Croydon in crisis: Council staff in frontline posts lose their jobs

The council’s hard-pressed children’s services department is among the first to lay-off staff, despite assurances from the council leader, while exec directors, on six-figure salaries, have escaped redundancy.
STEVEN DOWNES reports

Tony Newman: Labour council leader is cutting jobs in frontline services

Council staff, some of whom have been given notice of redundancy, are furious with their employers and the council’s Labour leader Tony Newman, after it was claimed that job cuts were necessary “to protect frontline services”.

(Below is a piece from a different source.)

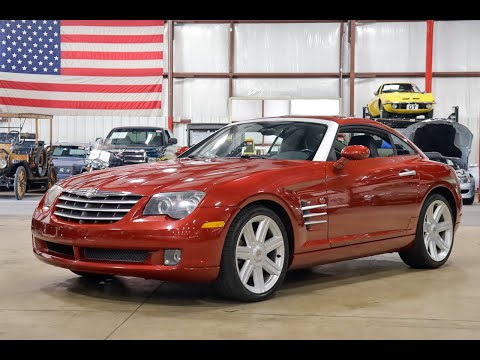 2005 Chrysler Crossfire (CC-1521309) for sale in Kentwood, Michigan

Staff who have been in contact with Inside Croydon this week say that frontline services, including the borough’s hard-pressed children’s services department, are in fact among the first to suffer cuts.

Croydon is the first local authority in the country to start making job cuts, it says because of the financial pressures caused by the coronavirus lockdown.

On Monday, the council began the process of handing out at least 175 redundancy notices, it says because of a £65million shortfall in its budget for the year caused by covid-19. The job cuts are part of a 15 per cent cut in all council spending. More than 400 jobs and posts are expected to be axed, that number possibly reaching 500 by the end of the process.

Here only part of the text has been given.